William Forster Lloyd FRS (1795 – 2 June 1852) was a British writer on economics.
He was educated at Westminster School and Christ Church, Oxford, graduating BA in 1815 and MA in 1818.[1]
He was Greek Reader in 1823, Mathematical lecturer and Drummond Professor of Political Economy (1832–1837) at Christ Church, Oxford (successor to Nassau Senior).
He published several of his lectures. In his Two Lectures on the Checks to Population (1833) he introduced the concept of the overuse of a common by its commoners (i.e. those with rights of use and access to it), which was later to be developed by the ecologist Garrett Hardin and termed by Hardin "The Tragedy of the Commons". Lloyd observed that when a pastureland (a common) is available to all, cattle-owners have a short and long term interest in increasing the size of their herds. But, unchecked, the size of the herds on the common will sooner or later exceed its carrying capacity. The common will be run down by overgrazing, though it might still be capable of recovering under better management (unlike, say, fisheries driven to extinction by this mechanism). As this was seen in several cases, the observation applies to all commons under such arrangements - thus, The Tragedy of the Commons (plural). The argument was used by Lloyd to dispute Adam Smith's idea of the "invisible hand". Some modern economists argue that the problem can be "solved" by assigning private property rights to the field.

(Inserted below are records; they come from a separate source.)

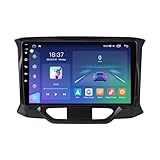 Doppel Din 9 Zoll Android 14 Autoradio für LADA Xray X ray 2015-2019 mit Wireless Carplay AHD Rückfahrkamera Bluetooth Lenkradsteuerung GPS Navigation (T200 [4+32G])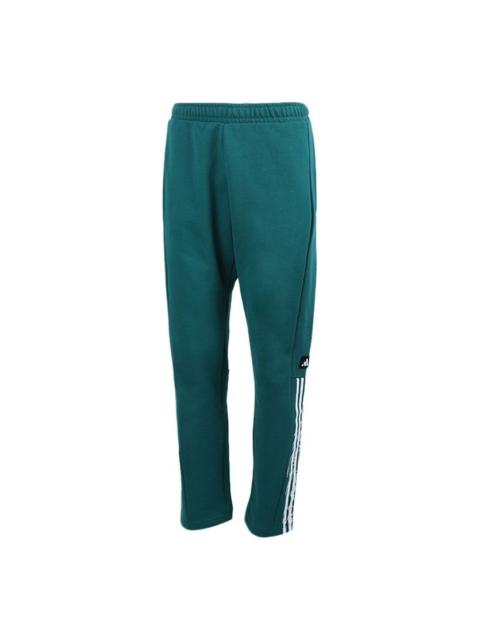 adidas Ub Pnt Wv Deco Fleece Stay Warm Slim Fit Sports Pants Green GM4431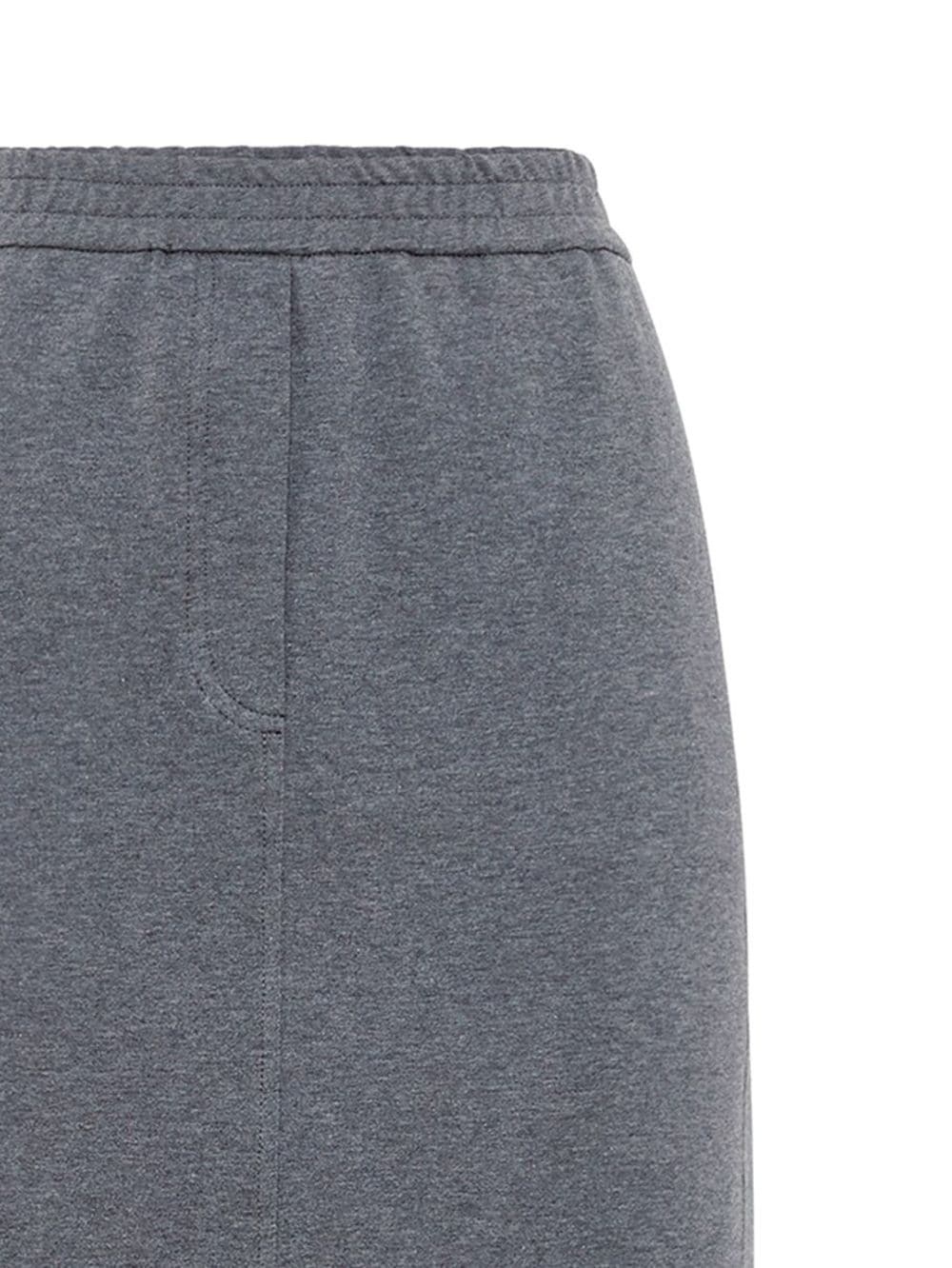 elasticated-waistband midi skirt - 6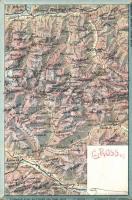 Austrian regional map litho (EB)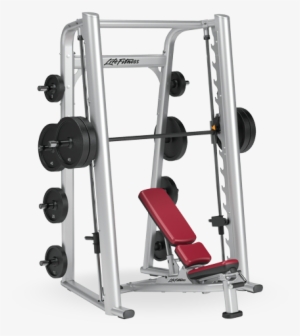 Workout Machine Png Clipart - Life Fitness Smith Machine #3606820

In his Lectures on Population, Value, Poor Laws and Rent (1837) he introduced a concise and complete statement of the concept of diminishing marginal utility, and connected demand to value, but he presents neither derivation nor elaboration. Still this contribution places him clearly in the ranks of the Oxford-Dublin school of proto-Marginalists.
He was elected a Fellow of the Royal Society in 1834. He died at Prestwood, Missenden, Buckinghamshire in 1852.